Script to randomly generate company name ideas

Primary LanguageJupyter Notebook

startup-name-generator

Naming a startup is hard.

I therefore wrote a Python script to randomly generate company name ideas.

It takes an arbitrary text as input, and then trains a recurrent neural network (RNN) on each its words, learning the structure of the text. The input text can be a simple word list (e.g. Greek or Gallic), or a chapter from a book, or just a random list of words (e.g. all Pokemon). The script then generates new random names that sound simliar to the provided list.

I provided a few input texts in the wordlists directory - see the README.md there for descriptions. I also kept the initial Jupyter Notebook here that I used in the first development stages. It walks you through the inner workings, if you want to experiment yourself.

You can (and maybe should) save a trained model in the models subdirectory, so that you don't have to train it every time you want to generate new names.

Detailed description and tutorial

I wrote a blog post with a more detailed description of this project, and a few sample calls and outputs.

Usage

  • Show a brief help:
./generate.py -h
  • Sample usage, appending a custom, fixed suffix to each name:
./generate.py -e 500 -n 10 -t 0.7 -s models/gallic_500epochs.h5 wordlists/gallic.txt --suffix Software
Toartio Software
Riuri Software
Palia Software
Critim Software
Neibo Software
Veduos Software
Eigla Software
Isbanos Software
Edorio Software
Emmos Software

(I found a long list of possible suffixes here)

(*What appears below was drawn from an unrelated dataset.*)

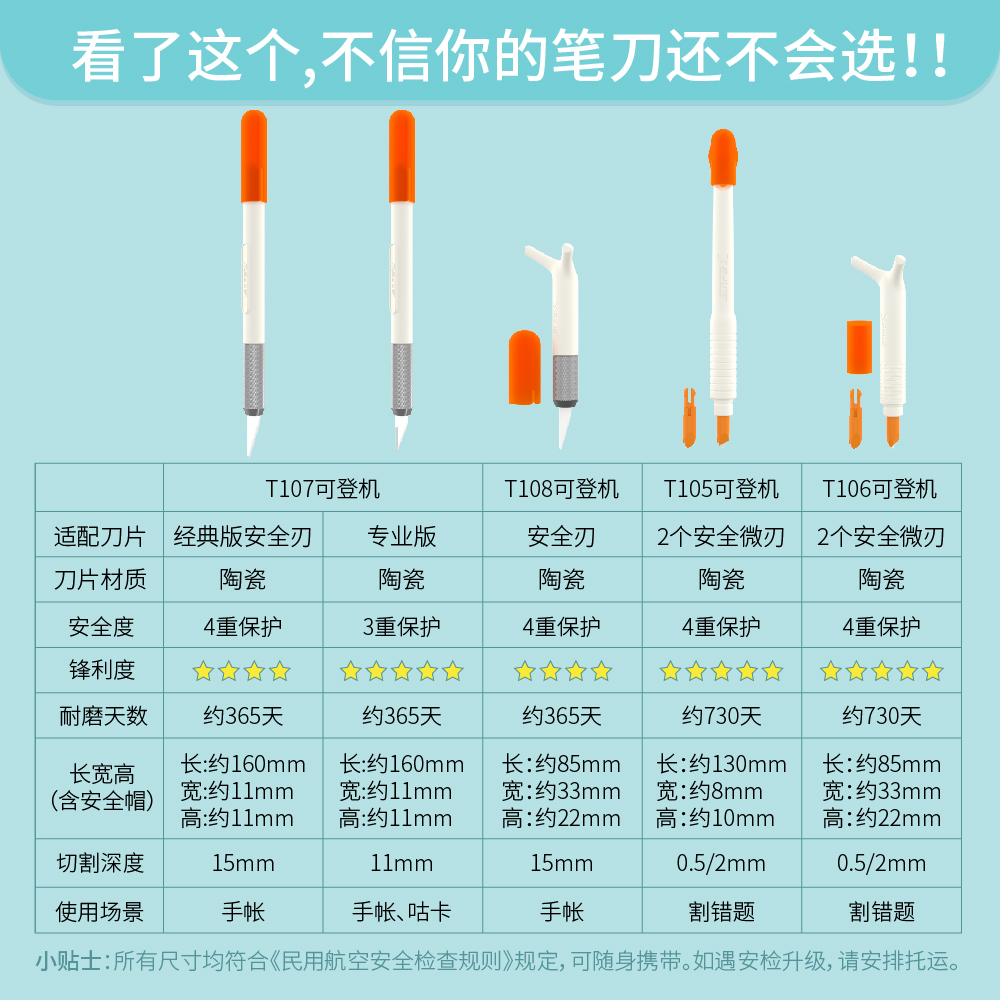 美国SafeX笔刀手账美工刀胶带刀笔雕刻刀陶瓷刀片手帐专用刻刀高 - 图1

  • After you stored the model (with the -s option), word generation is quicker when you load instead of re-compute the model:
./generate.py -n 10 -t 0.7 -m models/behemoth_500epochs.h5 wordlists/behemoth.txt --suffix Labs

Literature/References

TODOs / next steps

  • When using a stored model for simulation, I still need to load the wordlist in order to generate the character dictionary. The wordlist can not be changed, otherwise you'd have to retrain the model. It would be nice to store the character set (it's the ix_to_char dictionary in the code) along with the model.
  • Since I'm not yet a Python expert, there are most likely some suboptimal ways of doing things in the code.
  • I currently filter out the hyphen during preprocessing. Ideally, I should keep it if it appears within a word, and filter it if it represents something else like a bullet list item.
  • It would be cool to have an option to specify that one input name should be one line instead of one word. Then, one could use lists of actual company names that include symbols like ampersands, whitespace, etc., and sample these as well. See here and here for nice possible input lists.